Behind the AI fielders and oddball players, however, is a very deep game. Working pitch counts and baserunning smarts are vital on the offensive side. Pitch selection, location and velocity are critical in the field. Player attributes truly mean something here, as high velocity/low accuracy pitchers will become batting practice in the wrong situations. Contact hitters will feast on fastballs, but can be overpowered and potentially jammed. Working a bench properly is key. Get lazy and get burned.
While relatively small in number, each of the 12 teams play incredibly differently. The differences are obvious due to the small rosters with only 3 bench players, 3 starters, two relief pitchers and a closer.

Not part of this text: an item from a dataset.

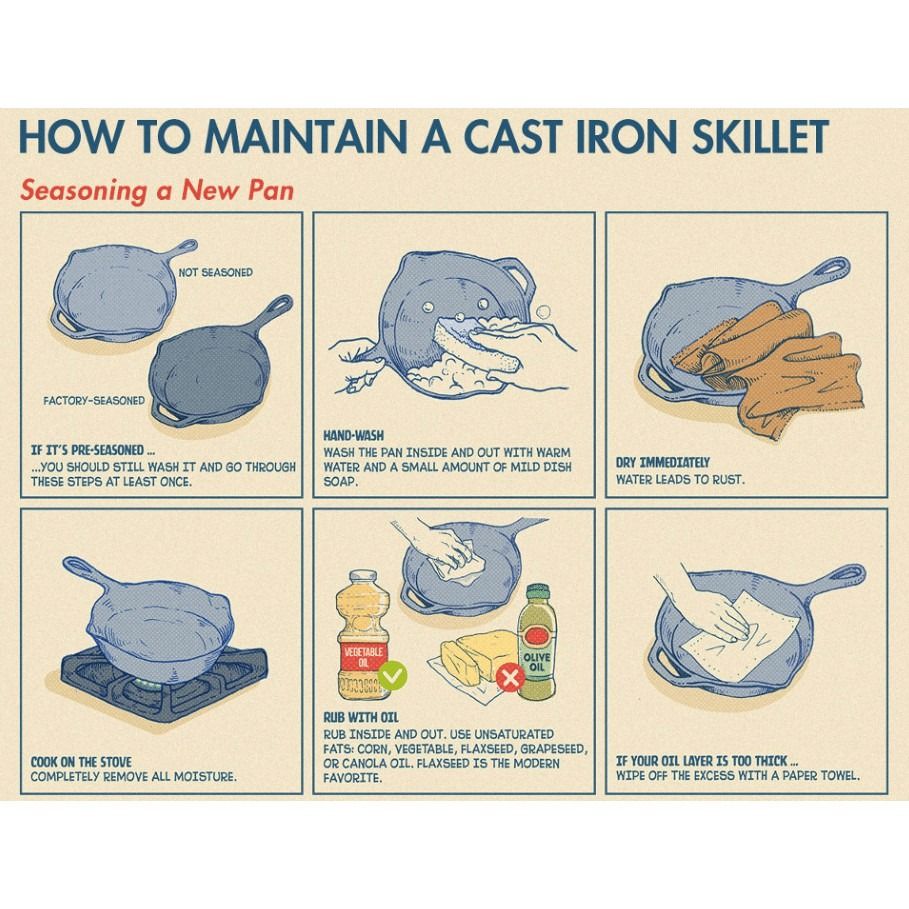 Cast Iron Non Stick Paella Pan (Category: Cookware & Accessories) located in Quezon City. Submitted by trustrade86136 (Listing ID 1347862247, Image 3). Description: The classic paella pan shape has a large flat bottom allowing for fast and even heat distribution. It can be used for both cooking and serving. -made with durable iron material -easy to clean -traditoinal paella pan shaped -avoid using metal materials for cooking and washing -Applicab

Don't be fooled, though—there's something unique about every player in Super Mega Baseball, and the right substitution can make or break a game. Ditto for the three stadiums, where the dimension differentials become obvious…fast. If you're listening, Metalhead: expansion packs, please!
If I have to criticize Super Mega Baseball, it's that the subtle disconnect when attempting to jump or dive via manual control can sometimes lead to unwanted errors that can cost games. In most instances, surrendering control to the AI is the wise choice. Also, there's no online multiplayer. Not a problem for me as I prefer single player or local challenges, but it's a potential hiccup for online-centric gamers.
Those things aside, Super Mega Baseball is a gem, and perhaps the greatest indie sports game of all time. In fact, it's so good that big-budget sports devs need to take an honest look at it—there's a lot they could learn. For hardball fans, consider Metalhead's masterpiece a must purchase.
Disclosures: This game was obtained via the publisher and reviewed on the PlayStation 4. Approximately 7 hours of play were devoted to the single-player mode. Multiplayer is local only, with single game, player accomplishments shared via leaderboard.
Parents: According to the ESRB, this game is rated E for Everyone.
Deaf & Hard of Hearing: All Super Mega Baseball menus, in game actions, and interactions are spelled out textually. No audio cues are necessary for successful play.